Data block section start
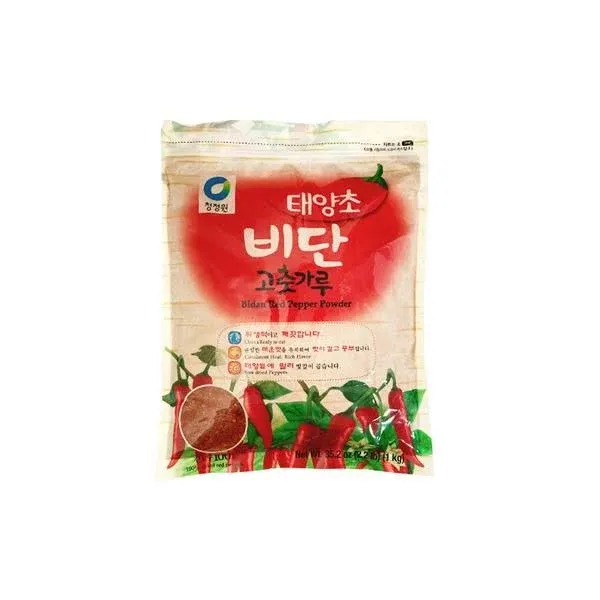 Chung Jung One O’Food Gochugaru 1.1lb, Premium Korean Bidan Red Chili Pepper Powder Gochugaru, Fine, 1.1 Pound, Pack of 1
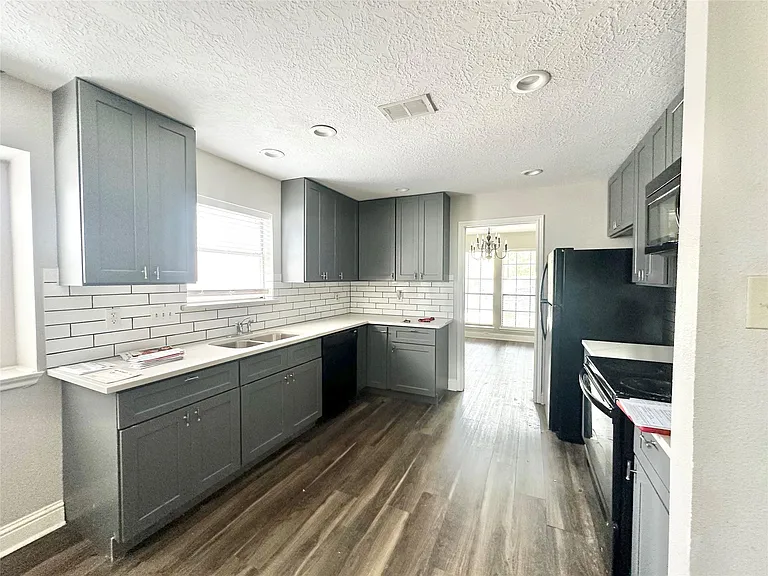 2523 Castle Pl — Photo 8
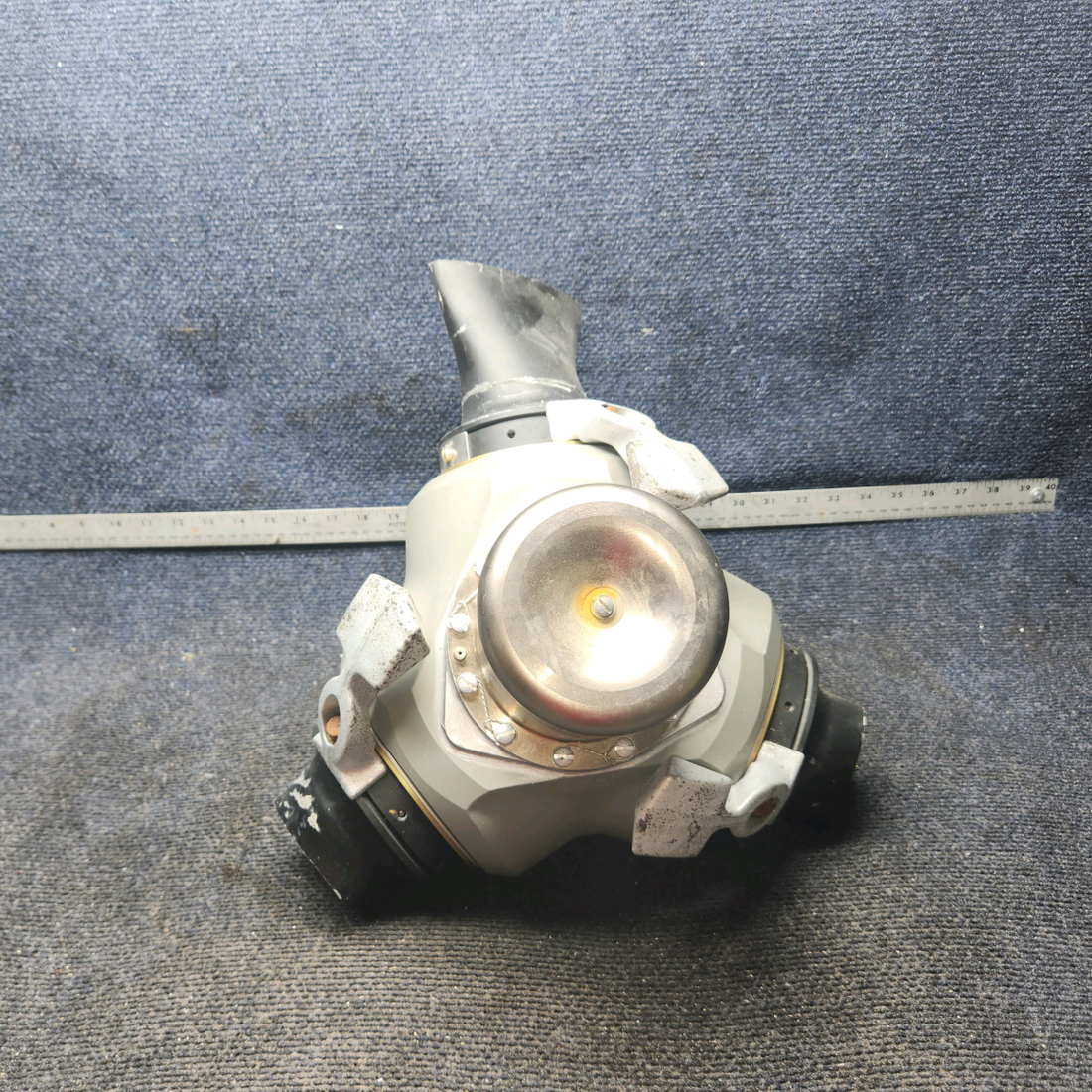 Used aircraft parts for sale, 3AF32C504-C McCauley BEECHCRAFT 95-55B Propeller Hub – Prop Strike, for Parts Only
Data block section end
Exercise description. Restate the entire listing word for word, excluding pictures.

Answer.
 Chung Jung One O’Food Gochugaru 1.1lb, Premium Korean Bidan Red Chili Pepper Powder Gochugaru, Fine, 1.1 Pound, Pack of 1
 2523 Castle Pl — Photo 8
 Used aircraft parts for sale, 3AF32C504-C McCauley BEECHCRAFT 95-55B Propeller Hub – Prop Strike, for Parts Only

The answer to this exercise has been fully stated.